18 Oct Charlotte Jarvis
EMAP Artist
In residence at Ars Electronica (AU)
In Posse – A mission to make ‘female’ semen
Throughout history, the sperm has been venerated as a magical substance, a literal and symbolic totem of power. The In Posse project aims to write again this cultural tale, to use art and science to perturb the patriarchy in a collaborative way making sperm from “female” cells. The project is developed in three parts. First, In Posse start doing a trip to produce spermatozoon (sperm cells) from Charlotte Jarvis body, in collaboration with the teacher Susana Chuva de Sousa Lopes. At the same time, a female form of seminal plasma (the liquid part of sperm) is developed from material given by women, trans and non-binary persons. Lastly, the female sperm is used in a series of reconstitutions of the ancient Greek celebration, the Thesmophoria, reserved for women.
Charlotte Jarvis
Charlotte Jarvis works in the intersection of art and science. She recorded music on DNA, has seen her heart beats outside her body and make currently the first “female sperm” in the world. She is currently a lecturer at the Royal College of Art.
Patricia Saragüeta has a degree and a doctorate in chemistry.
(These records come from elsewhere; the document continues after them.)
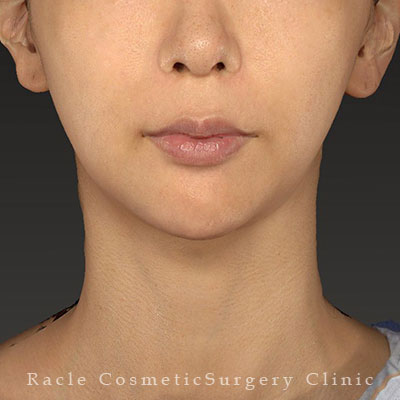 手術後12ヶ月目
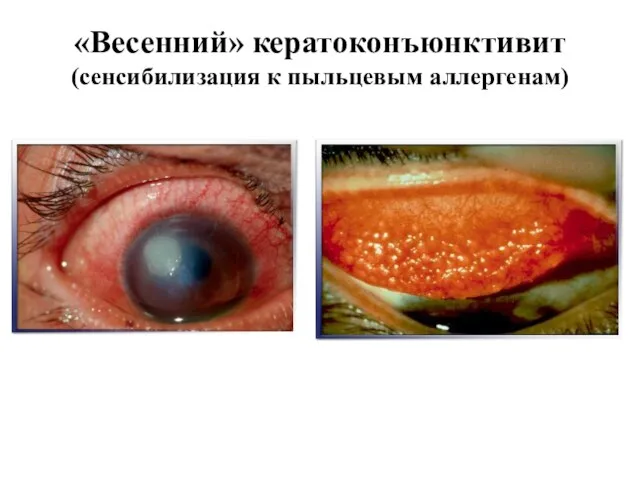«Весенний» кератоконъюнктивит (сенсибилизация к пыльцевым аллергенам)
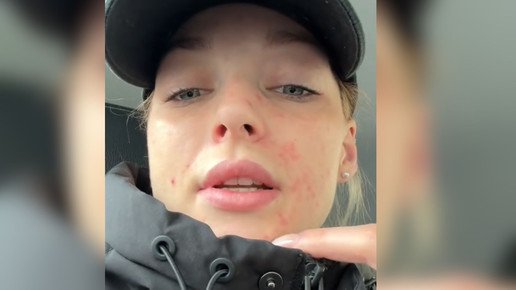 Herpes: „Vertraue Apotheker mehr als dem Arzt“
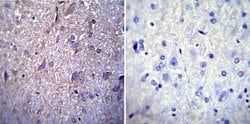 Invitrogen NUP62 Monoclonal Antibody (RL1) 100 &mu;L; Unconjugated:Antibodies,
She is a researcher at the CONICET and teaches in the physiology and molecular and cellular biology department in the school of exact and natural sciences of the University of Buenos Aires (UBA). Interested by genomics, she works at the confluence of art and science, in her work as at the institutional level.
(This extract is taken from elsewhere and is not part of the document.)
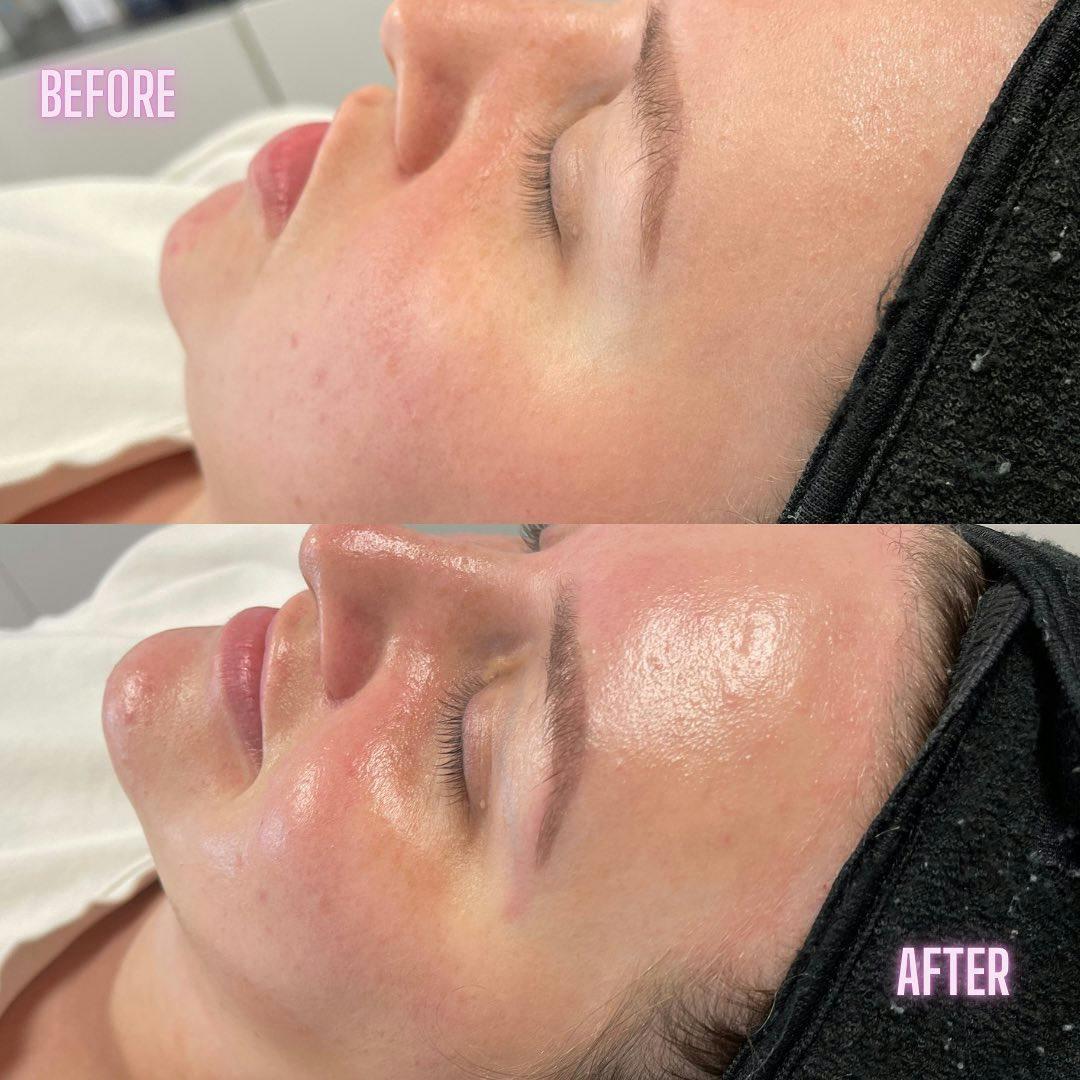 R&eacute;sultat HydraFacial Hydratation Intense &mdash; Institut V Esth&eacute;tique Montr&eacute;al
The teacher Susana Chuva de Sousa Lopes has a doctorate of the University of Utrecht (Hubrecht Institute). For the last five years, her group in the medical centre of the University of Leiden has concentrated on the study of the development trajectories of organs and human tissue, in particular the urogenital system.
The Chuva group is one of the first to combine the single-celled transcriptomics with the human exome sequencing.